#### Your instructions:
Reproduce the data exactly; no word may be added or dropped.

[Source data]
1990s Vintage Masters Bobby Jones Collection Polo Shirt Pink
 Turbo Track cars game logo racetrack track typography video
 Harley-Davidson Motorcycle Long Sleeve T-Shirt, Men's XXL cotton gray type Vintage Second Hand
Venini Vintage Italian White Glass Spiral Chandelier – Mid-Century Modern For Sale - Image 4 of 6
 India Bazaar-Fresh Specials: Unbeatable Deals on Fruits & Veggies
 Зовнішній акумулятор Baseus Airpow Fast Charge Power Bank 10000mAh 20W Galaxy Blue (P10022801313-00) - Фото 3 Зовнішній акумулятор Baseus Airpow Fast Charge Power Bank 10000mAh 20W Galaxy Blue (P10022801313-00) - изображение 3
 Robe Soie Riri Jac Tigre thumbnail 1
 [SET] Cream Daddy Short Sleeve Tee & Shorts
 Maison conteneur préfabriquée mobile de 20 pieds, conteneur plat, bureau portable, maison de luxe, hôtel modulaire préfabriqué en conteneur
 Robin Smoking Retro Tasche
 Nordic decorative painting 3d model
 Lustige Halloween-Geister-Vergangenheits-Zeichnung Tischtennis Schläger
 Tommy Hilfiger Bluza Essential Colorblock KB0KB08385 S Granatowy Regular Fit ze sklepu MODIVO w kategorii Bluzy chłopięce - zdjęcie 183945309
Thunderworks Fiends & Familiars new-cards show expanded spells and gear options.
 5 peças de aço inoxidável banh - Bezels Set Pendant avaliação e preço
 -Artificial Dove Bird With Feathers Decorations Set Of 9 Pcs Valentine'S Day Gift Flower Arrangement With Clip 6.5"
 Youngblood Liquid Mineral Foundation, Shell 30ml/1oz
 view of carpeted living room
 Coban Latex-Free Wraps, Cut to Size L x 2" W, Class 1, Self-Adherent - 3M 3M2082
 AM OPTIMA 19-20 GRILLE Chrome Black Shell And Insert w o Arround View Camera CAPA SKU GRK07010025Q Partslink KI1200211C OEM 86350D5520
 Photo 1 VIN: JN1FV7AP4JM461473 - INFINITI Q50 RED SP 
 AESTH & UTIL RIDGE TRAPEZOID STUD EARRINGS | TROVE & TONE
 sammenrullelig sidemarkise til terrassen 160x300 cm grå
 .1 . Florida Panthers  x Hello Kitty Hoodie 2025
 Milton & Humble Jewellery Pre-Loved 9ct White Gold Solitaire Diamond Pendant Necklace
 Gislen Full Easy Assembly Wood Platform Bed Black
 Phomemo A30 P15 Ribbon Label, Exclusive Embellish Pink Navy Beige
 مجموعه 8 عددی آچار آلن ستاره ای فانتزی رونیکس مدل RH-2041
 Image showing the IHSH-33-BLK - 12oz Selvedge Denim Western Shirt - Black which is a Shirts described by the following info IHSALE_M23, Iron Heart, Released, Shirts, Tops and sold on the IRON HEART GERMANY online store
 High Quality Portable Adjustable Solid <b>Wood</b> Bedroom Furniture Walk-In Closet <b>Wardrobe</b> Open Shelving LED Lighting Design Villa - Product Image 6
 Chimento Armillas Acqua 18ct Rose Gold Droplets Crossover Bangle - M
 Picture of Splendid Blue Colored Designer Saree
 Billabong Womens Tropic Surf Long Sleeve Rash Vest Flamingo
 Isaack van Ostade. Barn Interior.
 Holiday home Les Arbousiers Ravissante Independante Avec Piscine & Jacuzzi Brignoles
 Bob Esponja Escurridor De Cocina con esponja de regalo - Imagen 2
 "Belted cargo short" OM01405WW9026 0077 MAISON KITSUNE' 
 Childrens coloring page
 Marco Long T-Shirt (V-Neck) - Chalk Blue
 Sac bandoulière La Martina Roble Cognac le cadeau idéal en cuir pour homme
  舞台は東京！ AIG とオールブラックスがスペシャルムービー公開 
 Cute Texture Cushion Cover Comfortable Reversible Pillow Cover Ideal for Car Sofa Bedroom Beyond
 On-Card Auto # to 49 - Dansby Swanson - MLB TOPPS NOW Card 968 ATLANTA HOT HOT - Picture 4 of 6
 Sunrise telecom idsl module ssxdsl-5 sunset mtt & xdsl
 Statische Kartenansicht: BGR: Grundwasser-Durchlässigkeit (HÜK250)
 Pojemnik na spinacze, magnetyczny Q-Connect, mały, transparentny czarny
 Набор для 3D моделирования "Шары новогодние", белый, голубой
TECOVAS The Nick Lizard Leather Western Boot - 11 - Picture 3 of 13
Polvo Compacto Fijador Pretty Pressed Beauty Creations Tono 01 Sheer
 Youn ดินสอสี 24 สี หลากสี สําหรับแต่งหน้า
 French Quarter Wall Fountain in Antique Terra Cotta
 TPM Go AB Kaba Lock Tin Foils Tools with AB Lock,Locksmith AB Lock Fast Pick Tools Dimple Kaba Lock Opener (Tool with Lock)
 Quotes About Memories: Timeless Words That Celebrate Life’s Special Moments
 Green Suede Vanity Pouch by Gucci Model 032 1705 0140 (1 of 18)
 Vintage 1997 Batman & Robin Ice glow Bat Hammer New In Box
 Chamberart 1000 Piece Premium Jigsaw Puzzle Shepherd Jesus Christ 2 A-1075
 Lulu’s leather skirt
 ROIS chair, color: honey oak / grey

#### Completed exercise:
1990s Vintage Masters Bobby Jones Collection Polo Shirt Pink
 Turbo Track cars game logo racetrack track typography video
 Harley-Davidson Motorcycle Long Sleeve T-Shirt, Men's XXL cotton gray type Vintage Second Hand
Venini Vintage Italian White Glass Spiral Chandelier – Mid-Century Modern For Sale - Image 4 of 6
 India Bazaar-Fresh Specials: Unbeatable Deals on Fruits & Veggies
 Зовнішній акумулятор Baseus Airpow Fast Charge Power Bank 10000mAh 20W Galaxy Blue (P10022801313-00) - Фото 3 Зовнішній акумулятор Baseus Airpow Fast Charge Power Bank 10000mAh 20W Galaxy Blue (P10022801313-00) - изображение 3
 Robe Soie Riri Jac Tigre thumbnail 1
 [SET] Cream Daddy Short Sleeve Tee & Shorts
 Maison conteneur préfabriquée mobile de 20 pieds, conteneur plat, bureau portable, maison de luxe, hôtel modulaire préfabriqué en conteneur
 Robin Smoking Retro Tasche
 Nordic decorative painting 3d model
 Lustige Halloween-Geister-Vergangenheits-Zeichnung Tischtennis Schläger
 Tommy Hilfiger Bluza Essential Colorblock KB0KB08385 S Granatowy Regular Fit ze sklepu MODIVO w kategorii Bluzy chłopięce - zdjęcie 183945309
Thunderworks Fiends & Familiars new-cards show expanded spells and gear options.
 5 peças de aço inoxidável banh - Bezels Set Pendant avaliação e preço
 -Artificial Dove Bird With Feathers Decorations Set Of 9 Pcs Valentine'S Day Gift Flower Arrangement With Clip 6.5"
 Youngblood Liquid Mineral Foundation, Shell 30ml/1oz
 view of carpeted living room
 Coban Latex-Free Wraps, Cut to Size L x 2" W, Class 1, Self-Adherent - 3M 3M2082
 AM OPTIMA 19-20 GRILLE Chrome Black Shell And Insert w o Arround View Camera CAPA SKU GRK07010025Q Partslink KI1200211C OEM 86350D5520
 Photo 1 VIN: JN1FV7AP4JM461473 - INFINITI Q50 RED SP 
 AESTH & UTIL RIDGE TRAPEZOID STUD EARRINGS | TROVE & TONE
 sammenrullelig sidemarkise til terrassen 160x300 cm grå
 .1 . Florida Panthers  x Hello Kitty Hoodie 2025
 Milton & Humble Jewellery Pre-Loved 9ct White Gold Solitaire Diamond Pendant Necklace
 Gislen Full Easy Assembly Wood Platform Bed Black
 Phomemo A30 P15 Ribbon Label, Exclusive Embellish Pink Navy Beige
 مجموعه 8 عددی آچار آلن ستاره ای فانتزی رونیکس مدل RH-2041
 Image showing the IHSH-33-BLK - 12oz Selvedge Denim Western Shirt - Black which is a Shirts described by the following info IHSALE_M23, Iron Heart, Released, Shirts, Tops and sold on the IRON HEART GERMANY online store
 High Quality Portable Adjustable Solid <b>Wood</b> Bedroom Furniture Walk-In Closet <b>Wardrobe</b> Open Shelving LED Lighting Design Villa - Product Image 6
 Chimento Armillas Acqua 18ct Rose Gold Droplets Crossover Bangle - M
 Picture of Splendid Blue Colored Designer Saree
 Billabong Womens Tropic Surf Long Sleeve Rash Vest Flamingo
 Isaack van Ostade. Barn Interior.
 Holiday home Les Arbousiers Ravissante Independante Avec Piscine & Jacuzzi Brignoles
 Bob Esponja Escurridor De Cocina con esponja de regalo - Imagen 2
 "Belted cargo short" OM01405WW9026 0077 MAISON KITSUNE' 
 Childrens coloring page
 Marco Long T-Shirt (V-Neck) - Chalk Blue
 Sac bandoulière La Martina Roble Cognac le cadeau idéal en cuir pour homme
  舞台は東京！ AIG とオールブラックスがスペシャルムービー公開 
 Cute Texture Cushion Cover Comfortable Reversible Pillow Cover Ideal for Car Sofa Bedroom Beyond
 On-Card Auto # to 49 - Dansby Swanson - MLB TOPPS NOW Card 968 ATLANTA HOT HOT - Picture 4 of 6
 Sunrise telecom idsl module ssxdsl-5 sunset mtt & xdsl
 Statische Kartenansicht: BGR: Grundwasser-Durchlässigkeit (HÜK250)
 Pojemnik na spinacze, magnetyczny Q-Connect, mały, transparentny czarny
 Набор для 3D моделирования "Шары новогодние", белый, голубой
TECOVAS The Nick Lizard Leather Western Boot - 11 - Picture 3 of 13
Polvo Compacto Fijador Pretty Pressed Beauty Creations Tono 01 Sheer
 Youn ดินสอสี 24 สี หลากสี สําหรับแต่งหน้า
 French Quarter Wall Fountain in Antique Terra Cotta
 TPM Go AB Kaba Lock Tin Foils Tools with AB Lock,Locksmith AB Lock Fast Pick Tools Dimple Kaba Lock Opener (Tool with Lock)
 Quotes About Memories: Timeless Words That Celebrate Life’s Special Moments
 Green Suede Vanity Pouch by Gucci Model 032 1705 0140 (1 of 18)
 Vintage 1997 Batman & Robin Ice glow Bat Hammer New In Box
 Chamberart 1000 Piece Premium Jigsaw Puzzle Shepherd Jesus Christ 2 A-1075
 Lulu’s leather skirt
 ROIS chair, color: honey oak / grey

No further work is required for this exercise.